# RECORDS FOR PROCESSING:
-*-
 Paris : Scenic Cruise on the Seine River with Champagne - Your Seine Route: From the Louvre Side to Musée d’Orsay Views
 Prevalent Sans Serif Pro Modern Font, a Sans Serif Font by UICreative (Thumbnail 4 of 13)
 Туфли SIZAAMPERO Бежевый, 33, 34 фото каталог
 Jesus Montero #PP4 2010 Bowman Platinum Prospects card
-*-
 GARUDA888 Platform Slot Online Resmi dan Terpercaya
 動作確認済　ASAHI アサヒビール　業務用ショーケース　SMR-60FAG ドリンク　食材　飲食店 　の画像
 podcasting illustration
-*-
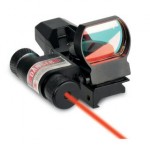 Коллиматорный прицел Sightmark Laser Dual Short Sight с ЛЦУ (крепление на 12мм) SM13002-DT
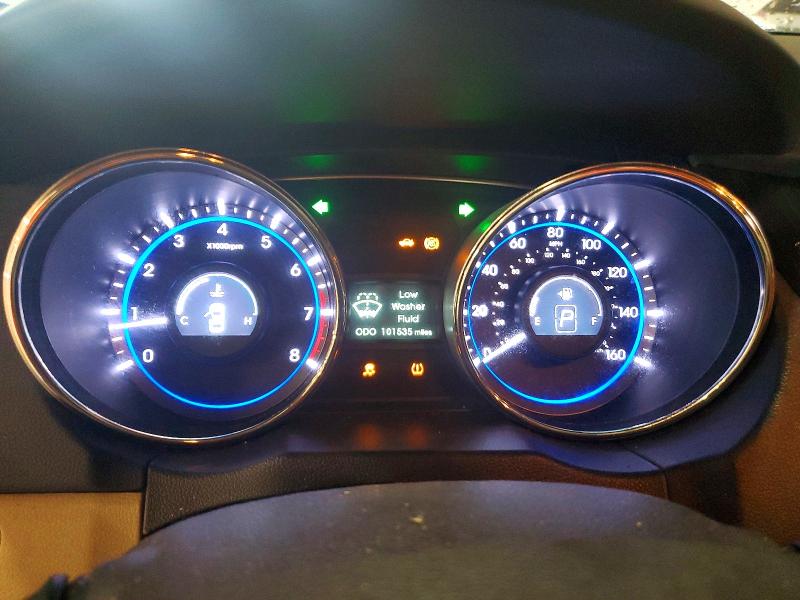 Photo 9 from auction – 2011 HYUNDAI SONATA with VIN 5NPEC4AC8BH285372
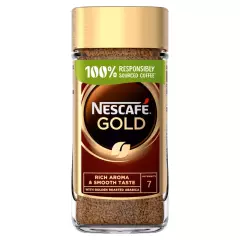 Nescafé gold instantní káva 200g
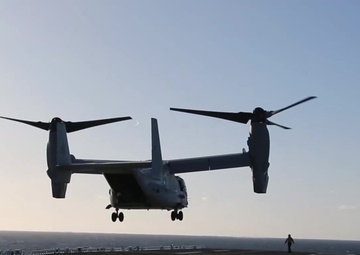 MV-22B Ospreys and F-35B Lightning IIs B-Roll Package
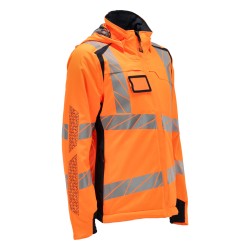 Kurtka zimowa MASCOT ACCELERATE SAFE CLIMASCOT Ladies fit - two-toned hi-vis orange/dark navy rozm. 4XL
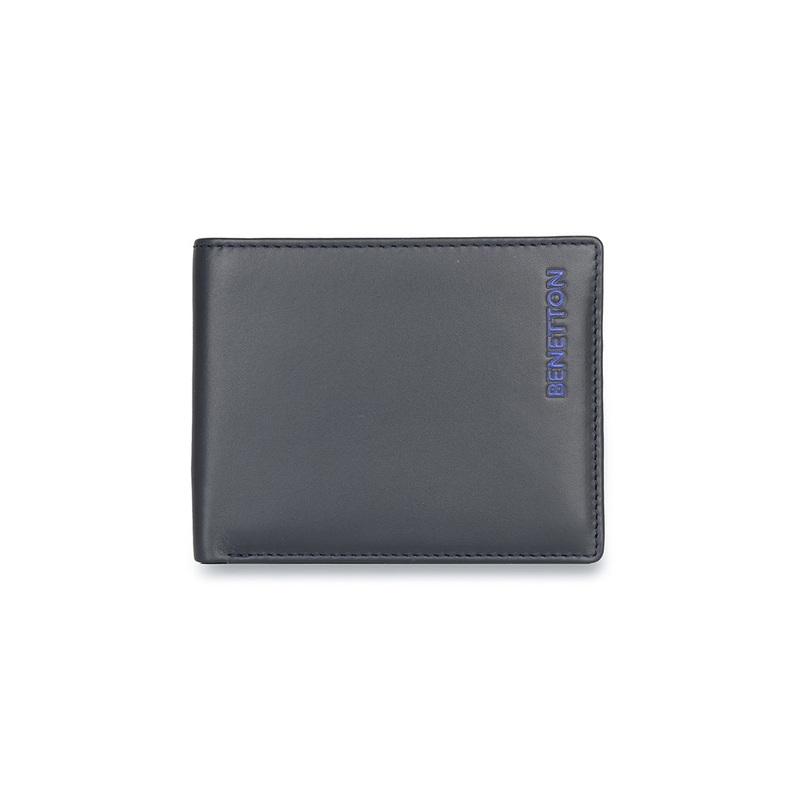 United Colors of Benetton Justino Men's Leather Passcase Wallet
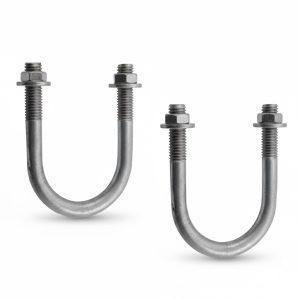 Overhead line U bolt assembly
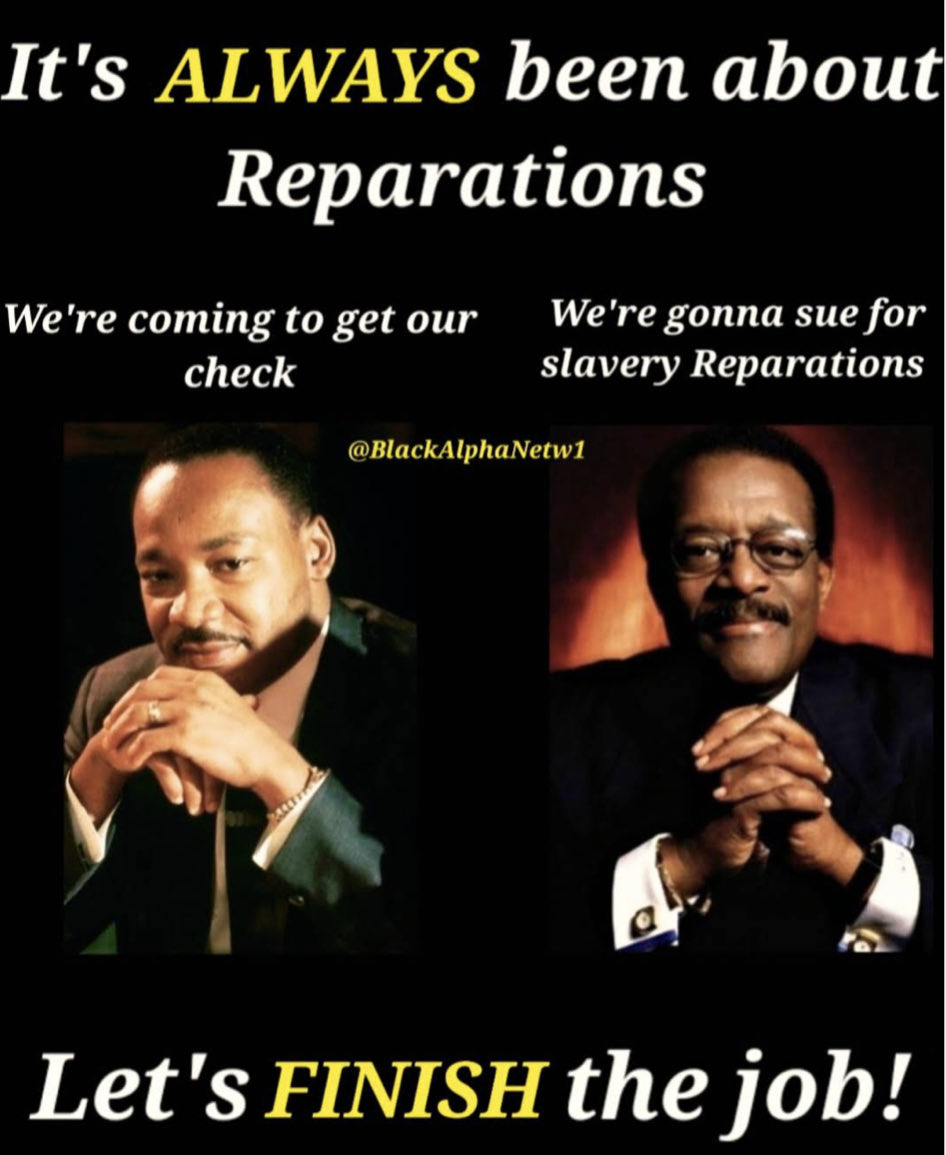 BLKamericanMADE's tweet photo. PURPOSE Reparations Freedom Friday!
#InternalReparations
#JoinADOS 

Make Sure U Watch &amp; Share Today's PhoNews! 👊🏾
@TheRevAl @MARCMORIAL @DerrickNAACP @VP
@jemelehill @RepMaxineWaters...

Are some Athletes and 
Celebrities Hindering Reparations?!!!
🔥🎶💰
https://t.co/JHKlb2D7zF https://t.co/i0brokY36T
-*-
# THE TASK:
Beginning at the line with "#InternalReparations" and stopping after the line with "https://t.co/JHKlb2D7zF https://t.co/i0brokY36T", please write out every line of the data above exactly and nothing else.

# SOLUTION FOR THIS PROBLEM:
#InternalReparations
#JoinADOS 

Make Sure U Watch &amp; Share Today's PhoNews! 👊🏾
@TheRevAl @MARCMORIAL @DerrickNAACP @VP
@jemelehill @RepMaxineWaters...

Are some Athletes and 
Celebrities Hindering Reparations?!!!
🔥🎶💰
https://t.co/JHKlb2D7zF https://t.co/i0brokY36T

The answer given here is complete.